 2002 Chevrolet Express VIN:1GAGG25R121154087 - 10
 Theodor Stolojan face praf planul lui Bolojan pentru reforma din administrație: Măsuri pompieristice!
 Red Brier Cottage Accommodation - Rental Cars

::::

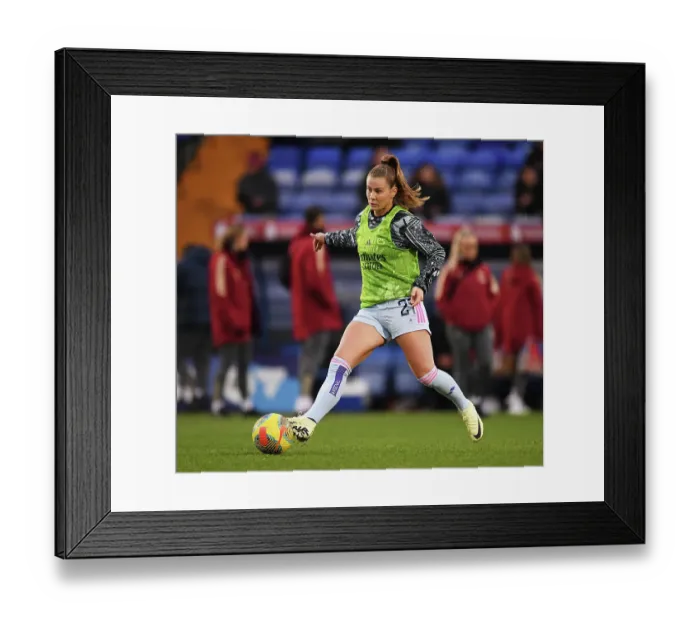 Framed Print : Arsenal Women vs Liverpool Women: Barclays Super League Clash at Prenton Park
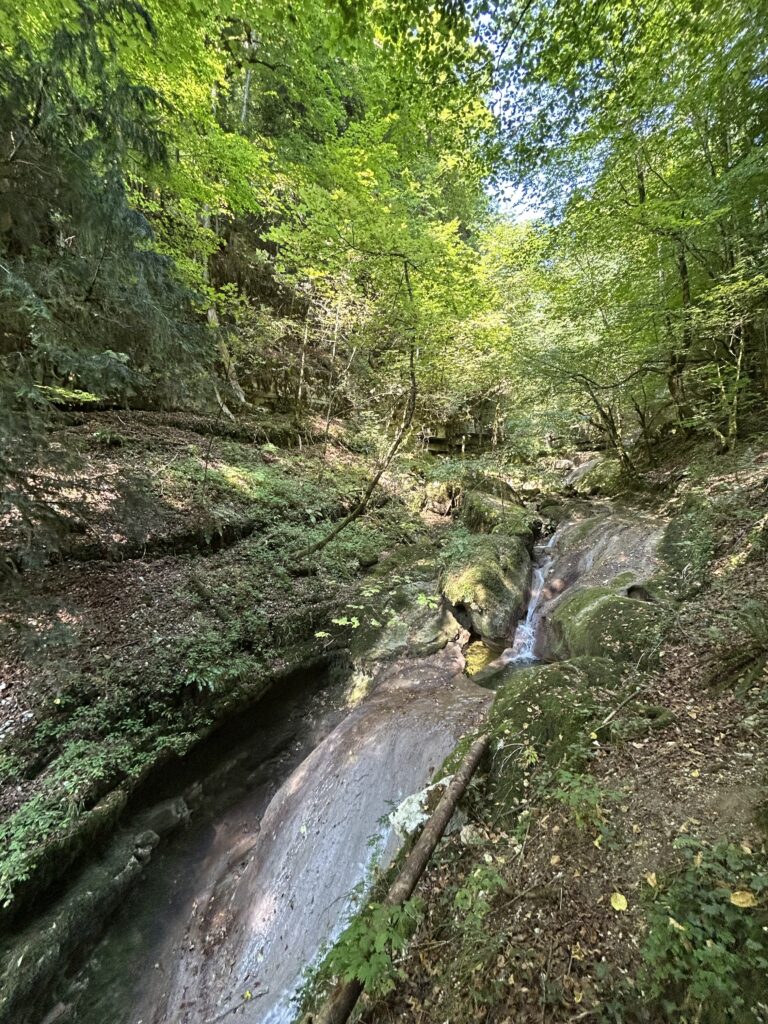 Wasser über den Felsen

::::

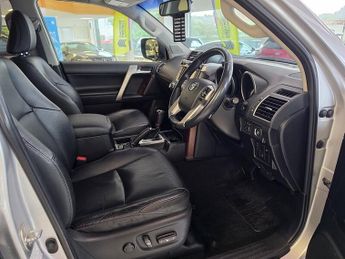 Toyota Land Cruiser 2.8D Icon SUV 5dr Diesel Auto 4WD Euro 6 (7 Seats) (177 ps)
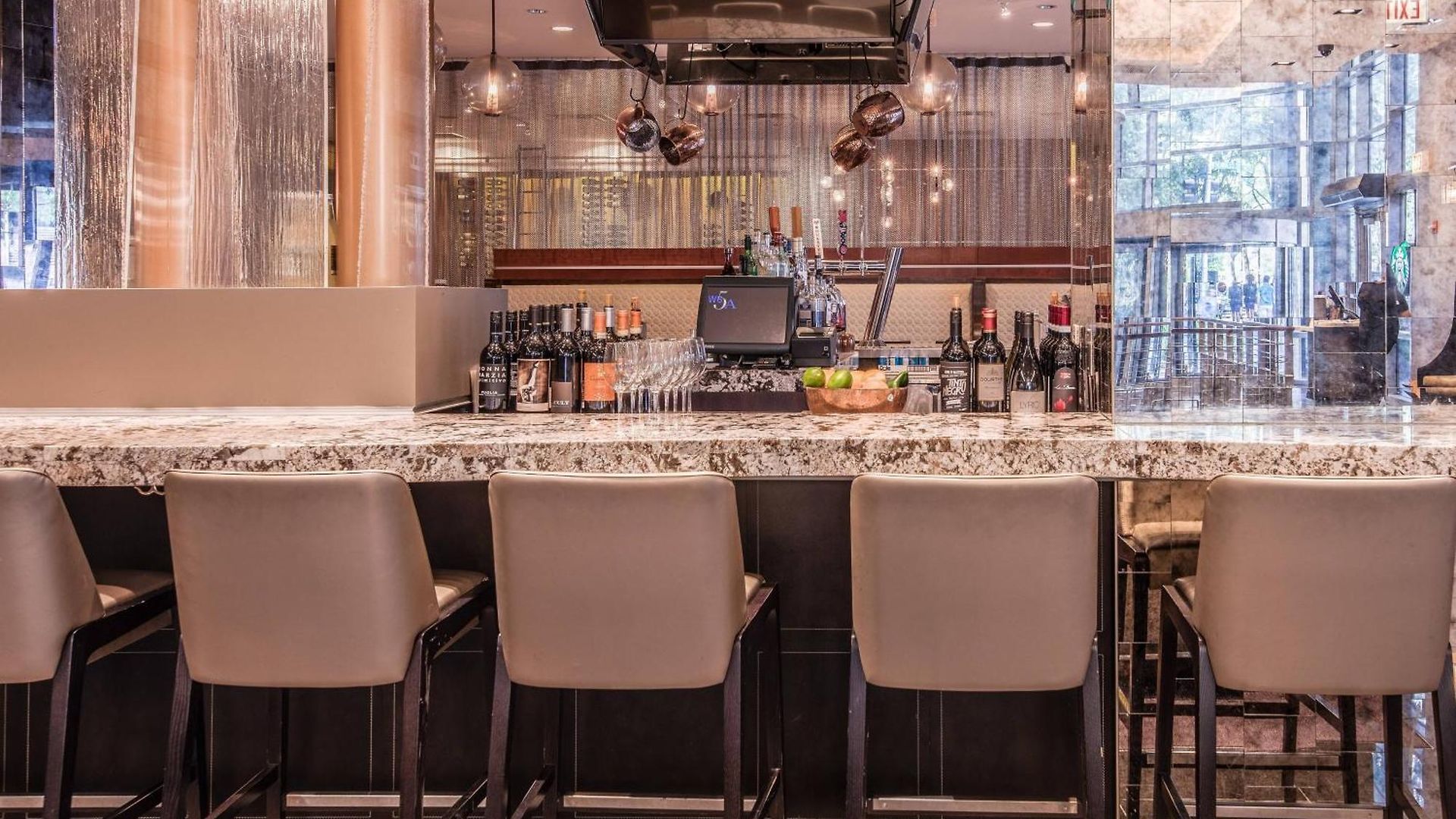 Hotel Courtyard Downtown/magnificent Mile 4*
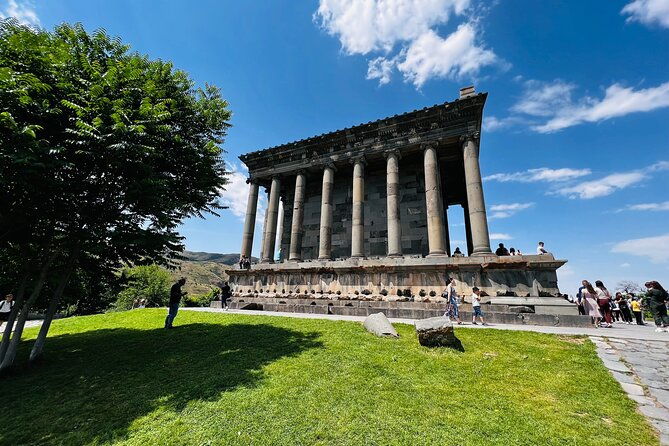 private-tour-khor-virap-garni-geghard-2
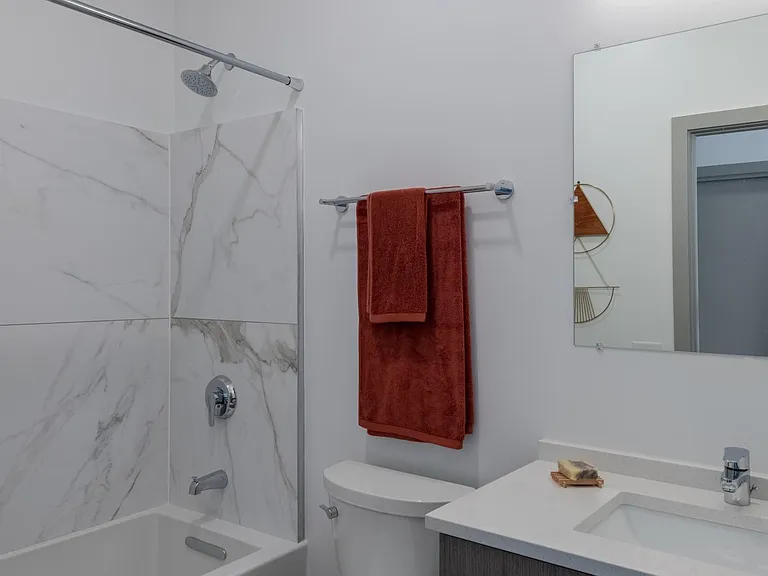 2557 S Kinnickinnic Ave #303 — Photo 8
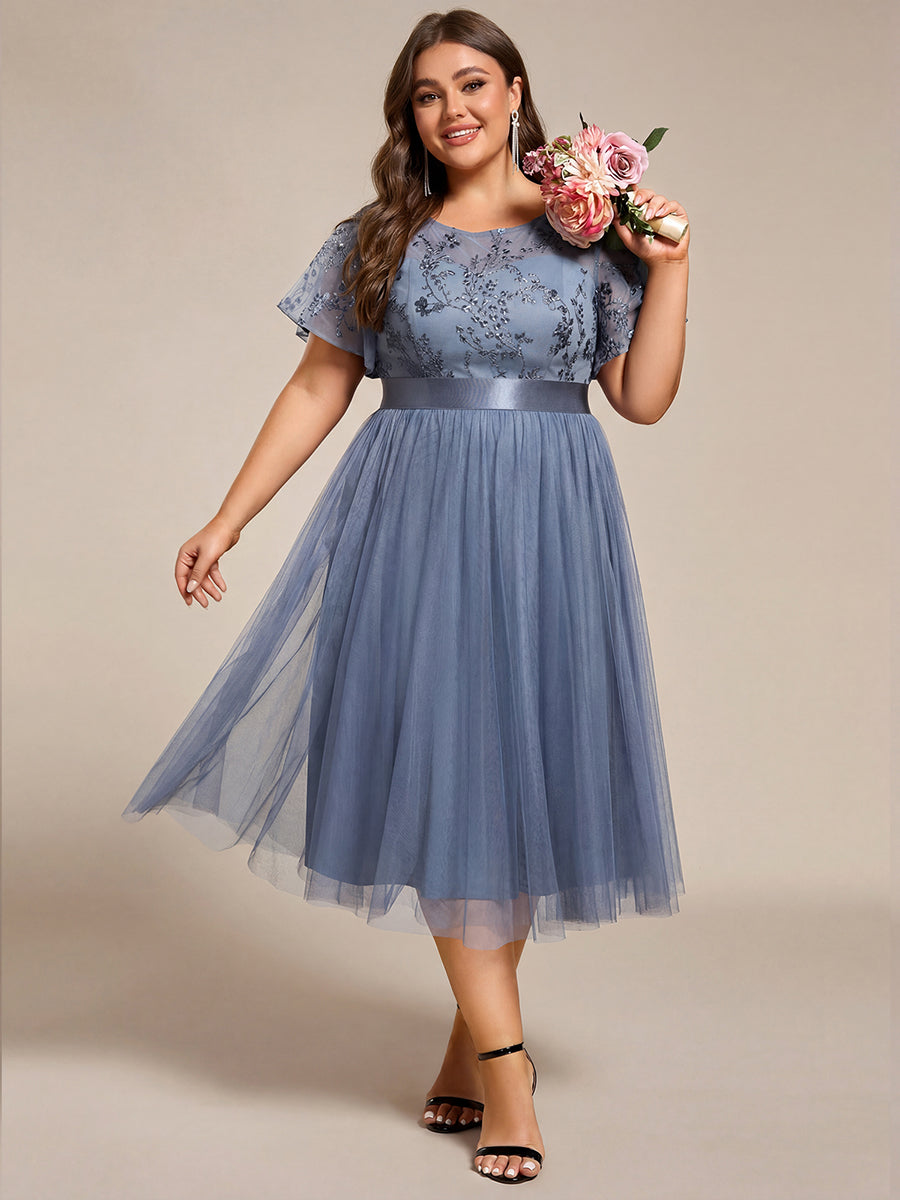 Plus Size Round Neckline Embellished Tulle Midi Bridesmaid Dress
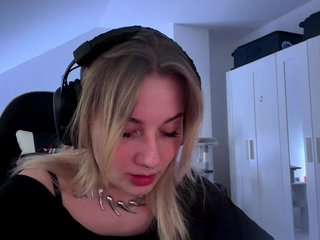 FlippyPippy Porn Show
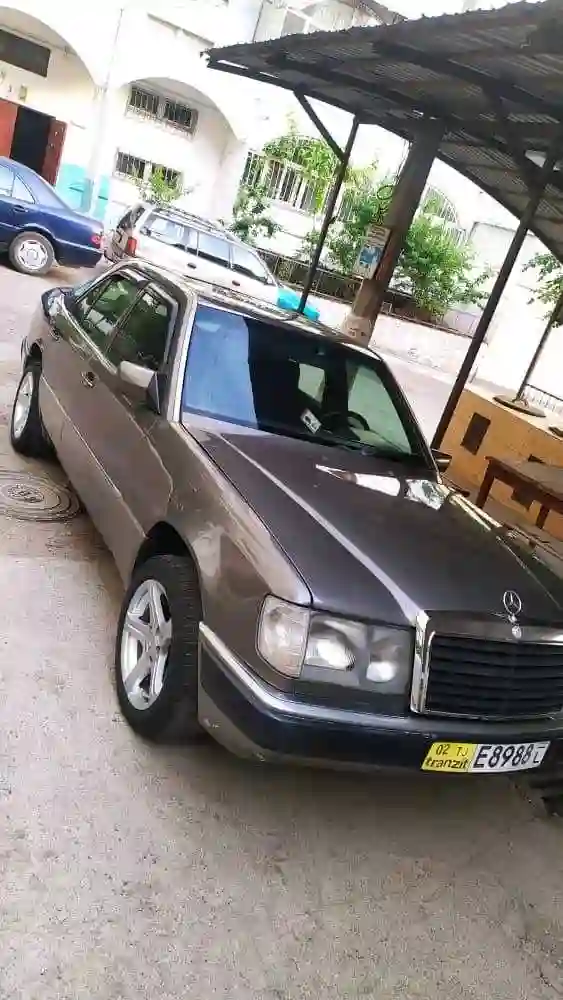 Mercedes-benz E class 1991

::::

- _WHAT YOU NEED TO DO_:
Leave out the images and write out the lines above exactly, from the one with "Plus Size Round" up to and including the one with "Mercedes-benz E class 1991".

- _SOLVED EXERCISE_:
 Plus Size Round Neckline Embellished Tulle Midi Bridesmaid Dress
 FlippyPippy Porn Show
 Mercedes-benz E class 1991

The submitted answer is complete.